Ctrl-C, Ctrl-V may no longer be an effective way to cheat.
Computer science students at Stanford University account for a disproportionately large percentage of honor code violations, according to findings by Stanford computer science professor Eric Roberts that were presented to Stanford faculty members this month.
The level of academic dishonesty is traditionally higher in computer science than in other disciplines because it is easy to copy code, but both the Stanford and Duke computer science departments are using a variety of methods to lower the prevalence of cheating.
The violations primarily occur in work completed outside the classroom and by students new to the discipline. In a 2002 paper, “Strategies for Promoting Academic Integrity in CS Courses,” Roberts notes that motivating factors to cheat include the cumulative nature of the courses, the reuse of assignments by professors and the ease of obtaining homework solutions from other students, the Internet or unemptied computer recycle bins.
Roberts also points out the unforgiving nature of the computer, which will not run a program containing errors, as a factor that can lead to high levels of frustration for students.
Although the nature of computer programs makes cheating as easy as copy and pasting, it also makes detection easier.
“[Copied code] is not obvious to someone in a non-technical field, but it’s completely obvious to someone in the field,” Roberts said.
But both schools’ departments rely on more than their expertise to identify potential cheating—they also use the program Measure of Software Similarity, to compare student assignments to the work of current and past students to determine similarities in submissions. The program yields a percentage that reveals the level of similarity between pieces of work.

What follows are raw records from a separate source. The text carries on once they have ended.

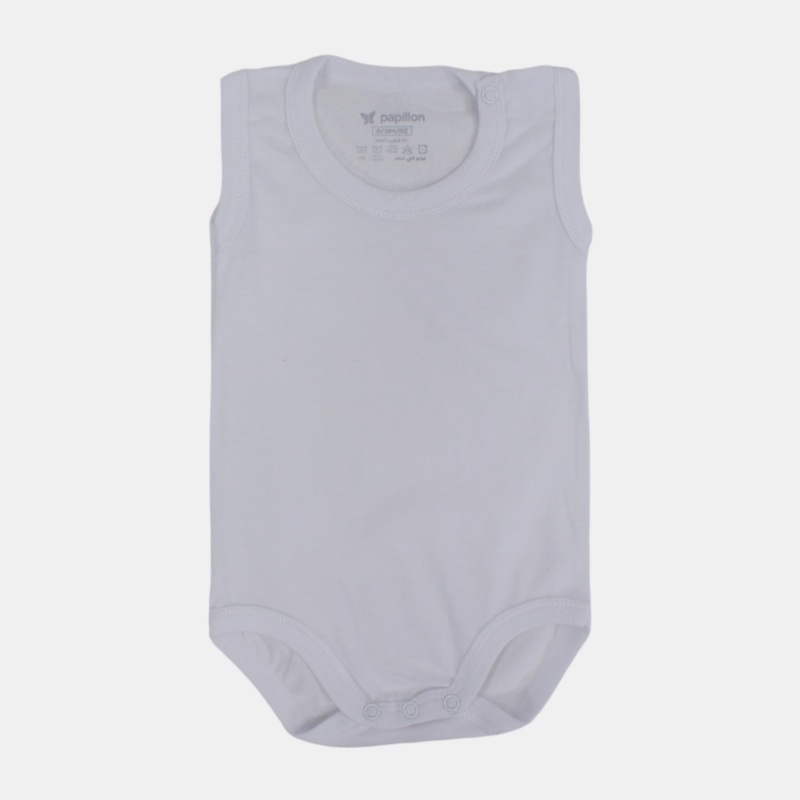 Unisex Baby White Sleeveless Underwear Bodysuit  Soft Cotton Essential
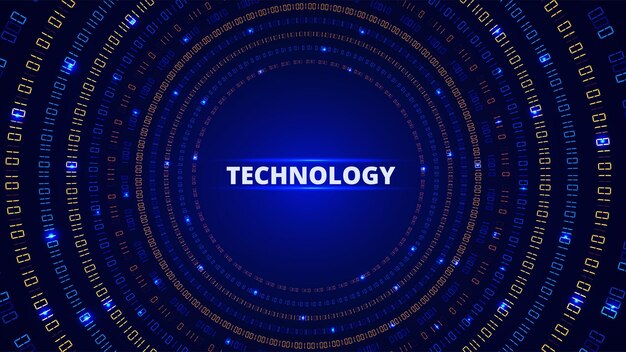 Abstract data background Security technology Big geometric wave Cyber engineering Zero and one coding symbols Circulars number matrix Binary code backdrop Vector modern wallpaper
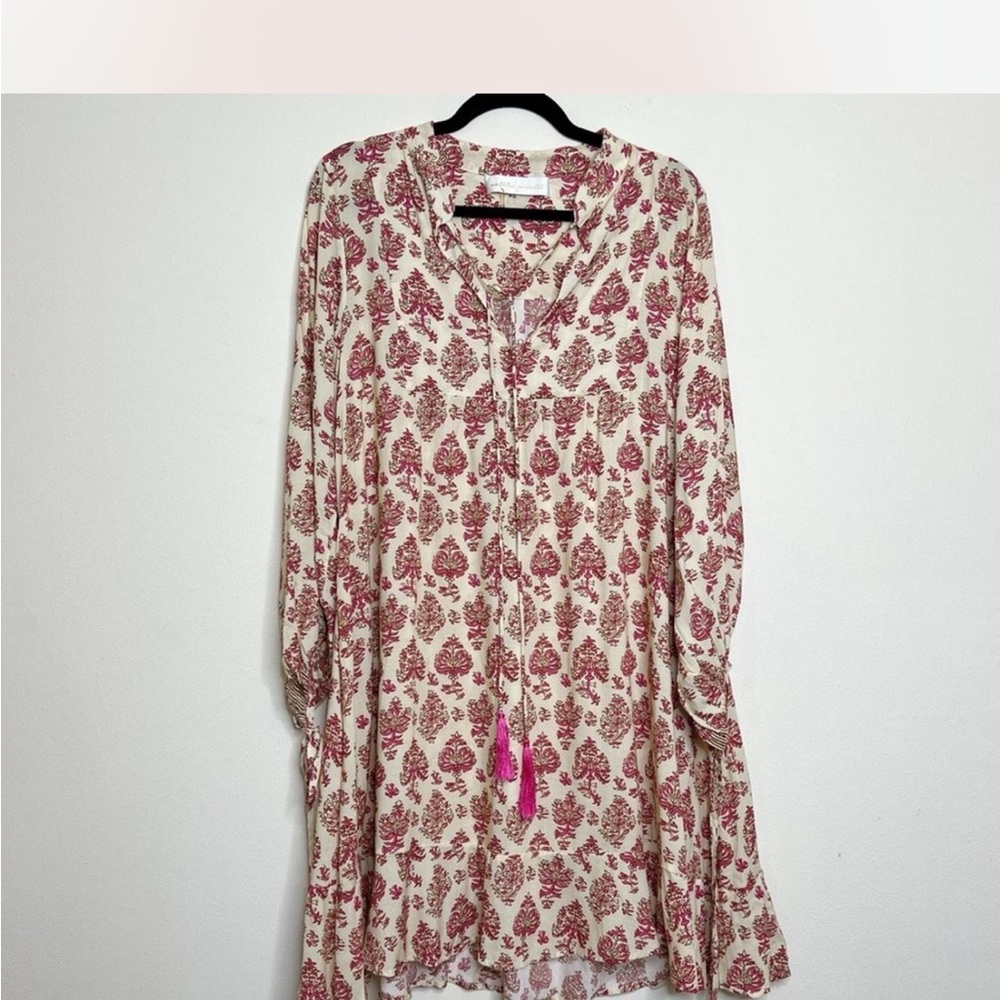 Natalie Martin Damask Print dress in Magenta and Ivory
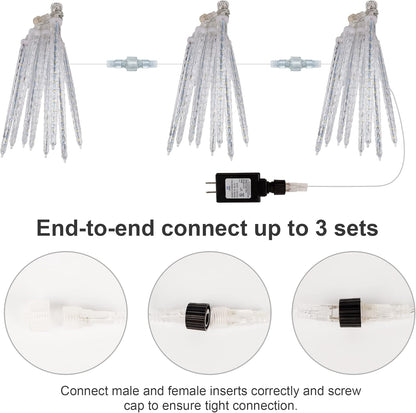 WATERGLIDE Meteor Shower Lights, 12" Outdoor Icicle Christmas Lights 8 Icicles 192 SMD LED Crystal Ice Falling Light, Connectable Raindrop Light, Xmas Winter Party Tree Holiday Decor, Multicolor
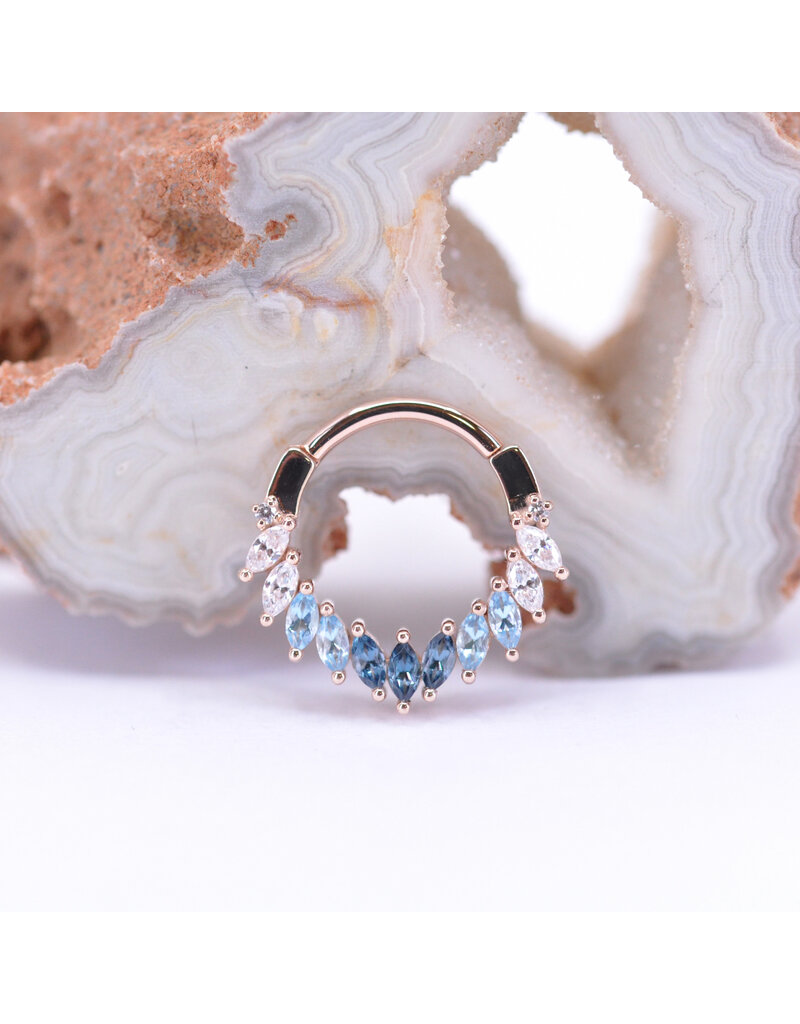 BVLA 16g 3/8" Maeve Clicker Ring with Paraiba Topaz, Genuine Swiss Blue Topaz, and CZ in 14k Rose Gold by BVLA!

Professor Owen Astrachan, co-director of undergraduate studies for Duke computer science, tells students he reserves the right to run MOSS.
“There’s an atmosphere you are [impressing] with your students by saying I’m catching cheaters, I’m catching cheaters, I’m catching cheaters,” he said.
Sophomore Caitlin Ryan believes the threat of being caught is all the incentive most students need.
“They have instilled enough fear to encourage us to not cheat,” Ryan said.
Duke’s department does not aim to rely solely on threats, but also implements measures to prevent students from reaching the point where they feel cheating is the only option. These measures include providing options for which assignments to complete and requiring students in introductory courses to submit a “readme” file in conjunction with their work that details their time spent and anyone they talked to about it. This information would provide justification for some significant similarity between students, Astrachan said.
Junior Kosta Kostadinov, a computer science major, noted that academic integrity reminders discourage cheating.
“I think if you are reminded about the honor code, people cheat significantly less,” Kostadinov said. “[The readme files] trigger a sense of that.”
These discussions have led Astrachan and the department to reconsider their policy of only small point deductions for a student failing to submit a readme file. He noted that the department should implement a more stringent policy of refusing to grade a student’s assignment if a readme file is not turned in alongside the work.
He noted that one of the biggest challenges for professors is the fine line between cheating and collaborating.
“Collaboration is good, copying is not,” Astrachan said. “But there is a slope between talking and taking.”
Given the cloudy boundary between collaborating and cheating, both Astrachan and Roberts noted the situation requires careful consideration.
Ryan, who is not a computer science major, said she is taking a computer science course to learn about the subject.
“I’m in the class to learn how to program,” she said. “If I copy, then I’m not learning.”